Maximum Beauty Overload:
Estée Lauder Pulls Out
All The Stops At Bloomingdale's

"Who's coming? The Queen?" a typically jaded New Yorker asked nobody in particular in response to the growing crowd on Bloomingdale's cosmetics floor.
"Gwyneth Paltrow," was the swift response, and the blasé shopper suddenly perked up, immediately understanding that the impending crowd frenzy was perfectly justified, rendering Gwyneth more important than a fusty, old Monarch.
It would otherwise have been just another sleepy July evening at 59th & Lex if the PR folks at Estée Lauder hadn't decided to bump up their promotional efforts a notch or three to launch their new fragrance, Sensuous. "Why have just one of our models make a personal appearance when we can have all four at once?" some executive must have thought, which is no mean feat when your stable of famous faces is led by an Oscar Winner coming off the biggest box-office hit of her career.
A casual visitor to the store would have found an unusually heavy presence of fragrance models dressed in identical white and purple blouses eagerly distributing matching scented ribbons (the latest alternative to a spritz in the face), while campaign images of the models were placed in every available space in the cosmetics department. Shortly before the 6:30 showtime, eager visitors assembled around the front of the department, while other shoppers were alternately annoyed or intrigued, and Bloomingdale's many tourists were simply bewildered. Surely, activity would be centered around the jewelry balcony which had been set up for signings with a table and four stools.

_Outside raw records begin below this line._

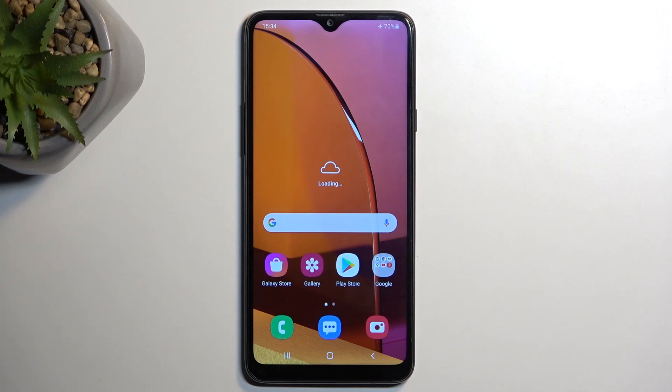Welcome and follow me — this is a Samsung Galaxy A20s, and today I will show you how you can wipe cache partition on this phone.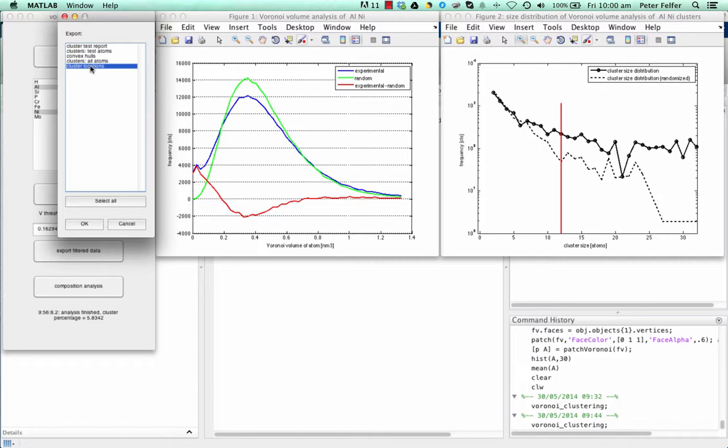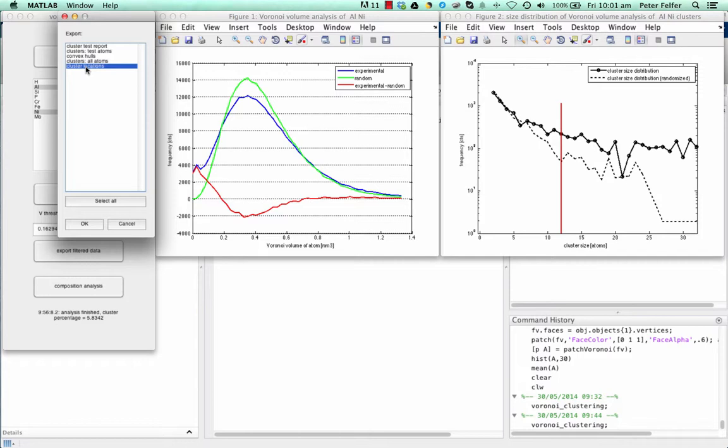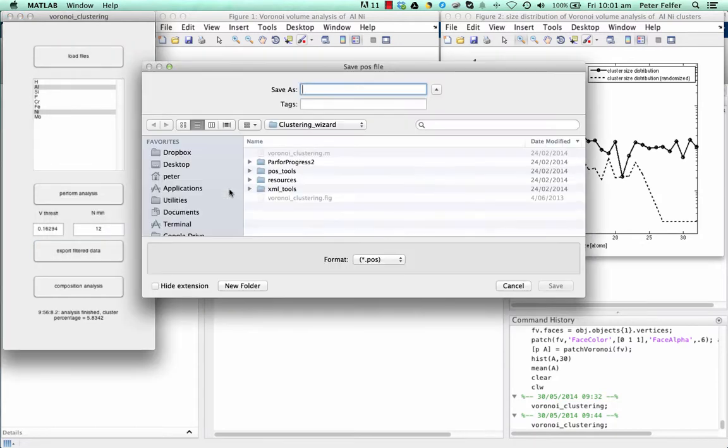As a last thing, you can export the cluster locations. What that means is that for each cluster, the centroid is calculated, and we export the positions of these cluster centroids. This gives you the opportunity to calculate statistics about the cluster distribution. It can also be used for reconstruction purposes. You can guide your reconstruction if you have a metal where you have small precipitates. Usually, the distribution of the precipitates is isotropic. So, you can have a look if the distribution of your clusters is isotropic. Or if they're further apart in X, Y, than in Z, then you know your reconstruction is incorrect. For now, we'll just go with the cluster test atoms. We'll export that.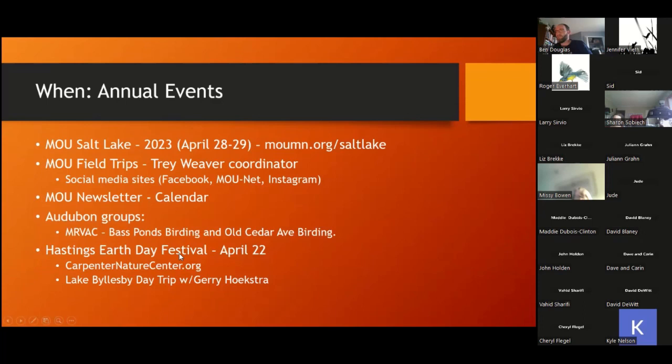The MOU newsletter has calendar items covering MIRVAC trips and other Audubon groups. There are often trips to Old Cedar Avenue, and when the water's low that can be a good shorebirding spot, though this spring there's so much flood runoff that Longmeadow Lake and related areas are probably filled up. I'm keynoting this year at Hastings Earth Day Bird Festival, and there is a day trip as part of that. Jerry Hoekstra, editor of the Minnesota Birding Newsletter, is doing the Lake Billsby run — if you're curious about Lake Billsby, this would be the one to consider, with an expert going to each spot to identify everything possible.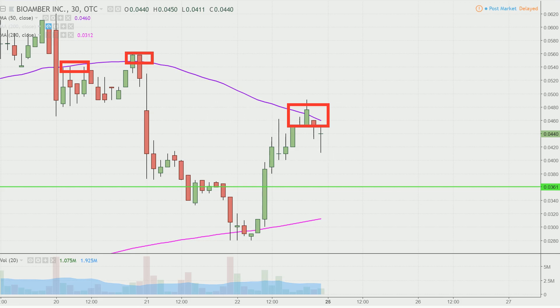Anyway, you look at it — very, very nice bounce today going into the weekend. So yeah, let's see if the bulls can build upon this momentum or not next week.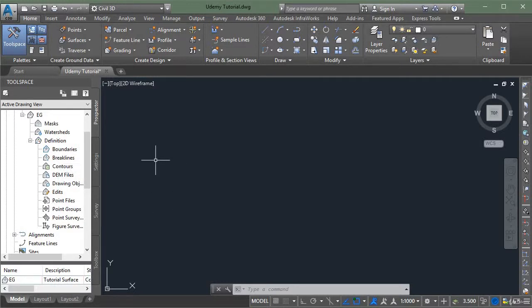So so far our surface is empty. In the next lecture we will learn how to add data in our surface. Thank you.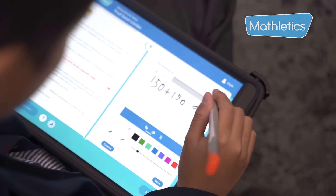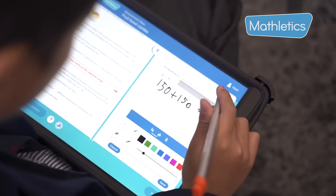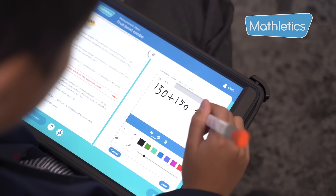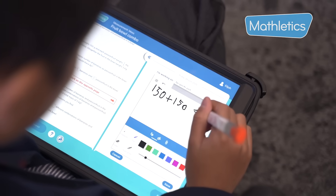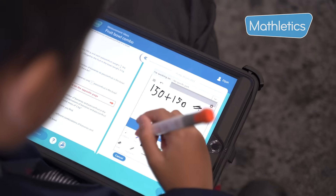I've learned my times tables, additions and division from it, and it helps me with my basics and extra learning.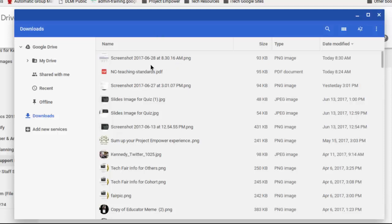So again, screenshots are stored in Downloads. Downloads are actually on this device and not available when I log in on a different Chromebook. It's only going to be available on this Chromebook. So if I want it to be available everywhere in Google Drive, I'm going to need to move it out of Downloads and put it into my Google Drive.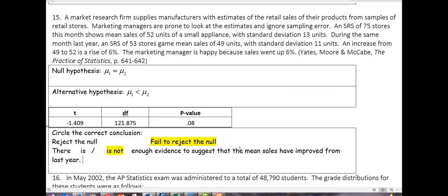In other words, the manager gets excited about the 6% improvement, but it's not statistically significant enough to conclude it's a real improvement. Part of the increase is simply that we went from 53 stores to 75 stores — more stores naturally leads to more sales. So the growth isn't significantly better the way the manager believes.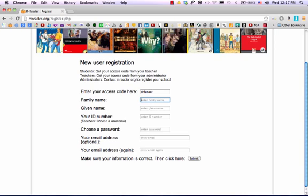Next, enter your family name. My name is Lee, and my given name is Jin Han. Notice that the name is spelled with a dash and a small h. Please spell it just as you see it here in this example.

Of course, when La Paltrow, Elizabeth Hurley, Carolyn Murphy and Hilary Rhoda serenely but punctually glided through the main floor, looking as gorgeous as humanly possible amid cheers and flashbulbs, they settled on a press photo area next to the escalators, shielded from much of the floor, causing more crowd swooning and frenzied scrambling. Of course, they would have to make their way through the crowd again to the balcony, and yet somehow they magically reappeared in place on their stools as the press photographers aggressively shoved their ways through the mere fans to get prime spots on the unfortunately (for them) descending steps. Perhaps Supermodels really do have special powers.

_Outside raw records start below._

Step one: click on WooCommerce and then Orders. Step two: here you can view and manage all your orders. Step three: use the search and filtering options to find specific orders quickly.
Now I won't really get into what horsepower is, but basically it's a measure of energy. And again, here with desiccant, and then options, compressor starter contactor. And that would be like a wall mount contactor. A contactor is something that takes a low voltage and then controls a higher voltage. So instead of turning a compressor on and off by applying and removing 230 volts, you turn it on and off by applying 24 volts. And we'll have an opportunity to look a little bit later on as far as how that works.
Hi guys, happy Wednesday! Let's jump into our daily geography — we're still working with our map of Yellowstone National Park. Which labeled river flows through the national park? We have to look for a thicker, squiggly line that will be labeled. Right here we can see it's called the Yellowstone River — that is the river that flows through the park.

Now seated, the quartet was introduced by a Lauder exec: Hilary, "our newest"; Gwyneth, "our Oscar winning superstar" (every cosmetics brand has one these days); Carolyn, "our Grace Kelly" and Elizabeth, "our longest standing model who has been with us for thirteen years, and whom we would love to have for thirteen more." Hurley quickly accepted the offer, no doubt calculating that it would bring her to her 56th year, a ripe age for a cosmetics spokesperson, especially when compared to the dewy 21 year old Hilary Rhoda. "I'll take it," she must have thought.
And so the tranquil team of beauties remained smiling but virtually silent and went about the business of autographing new perfume boxes for 200 early bird customers in line from the balcony to the upper reaches of the men's department downstairs as PR troops from Lauder and Bloomingdale's fluttered about, keeping a firm hand on the proceedings.
And an expert fragrance launch was completed, capping off a controversial 40 pages devoted to the four women in the July Harper's Bazaar. The four are estimated to have spurred $30,000 of perfume sales that evening. What does the fragrance smell like, after all?
We can't really remember. It seems so beside the point now.